#### [Task requirements]
Copy out the records precisely, omitting pictures.

Scraped caption text data:
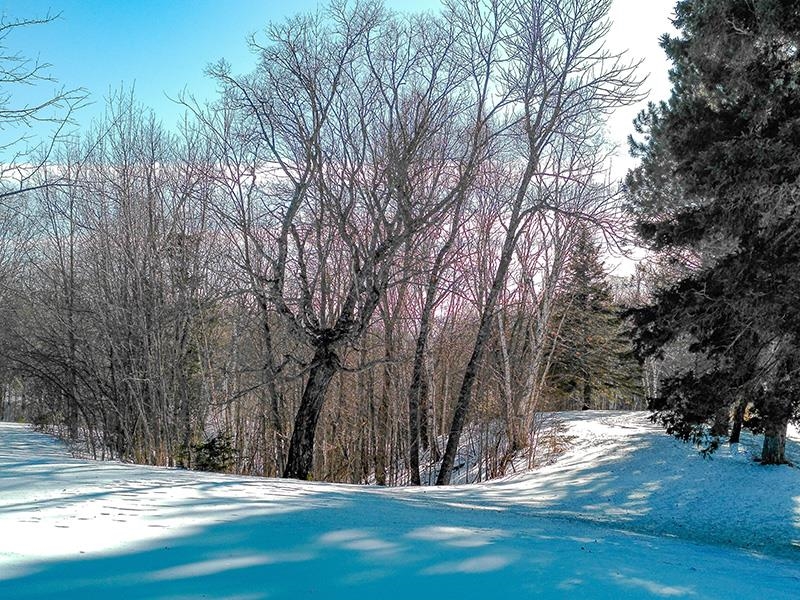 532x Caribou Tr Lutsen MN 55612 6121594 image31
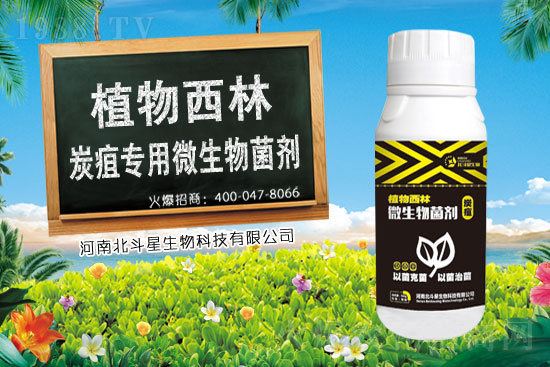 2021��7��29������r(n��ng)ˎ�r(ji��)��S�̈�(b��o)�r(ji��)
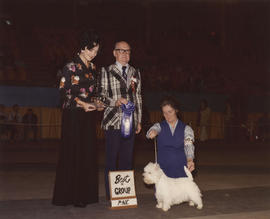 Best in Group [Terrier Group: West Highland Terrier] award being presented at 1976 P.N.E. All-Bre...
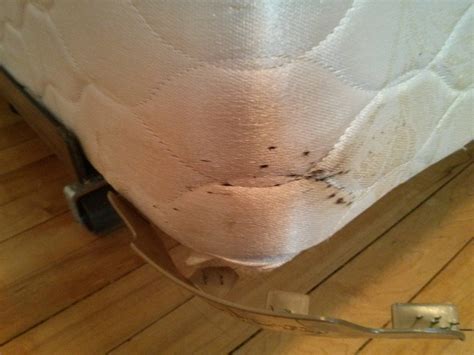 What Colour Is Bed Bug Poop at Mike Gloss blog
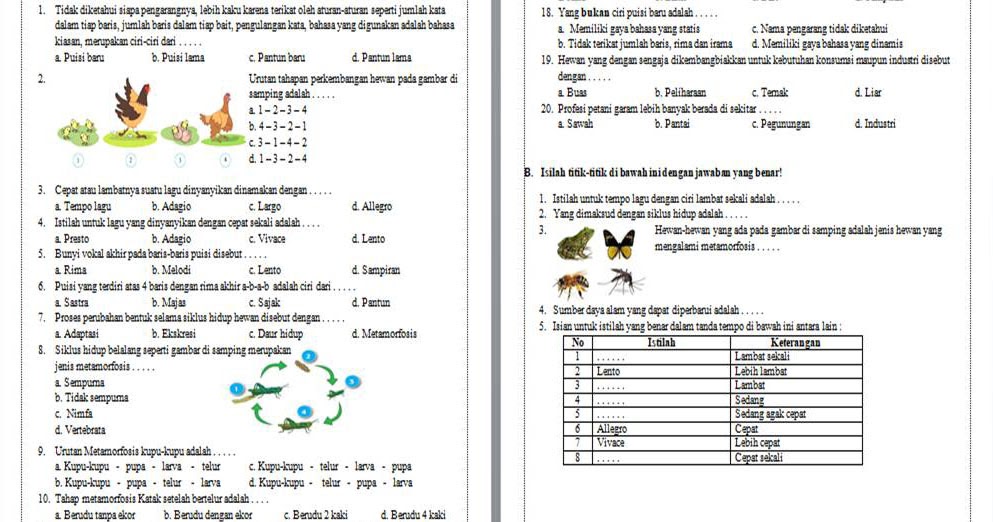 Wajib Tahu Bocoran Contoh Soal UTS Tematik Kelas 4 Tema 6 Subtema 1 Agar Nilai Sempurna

#### [Task output]
 532x Caribou Tr Lutsen MN 55612 6121594 image31
 2021��7��29������r(n��ng)ˎ�r(ji��)��S�̈�(b��o)�r(ji��)
 Best in Group [Terrier Group: West Highland Terrier] award being presented at 1976 P.N.E. All-Bre...
 What Colour Is Bed Bug Poop at Mike Gloss blog
 Wajib Tahu Bocoran Contoh Soal UTS Tematik Kelas 4 Tema 6 Subtema 1 Agar Nilai Sempurna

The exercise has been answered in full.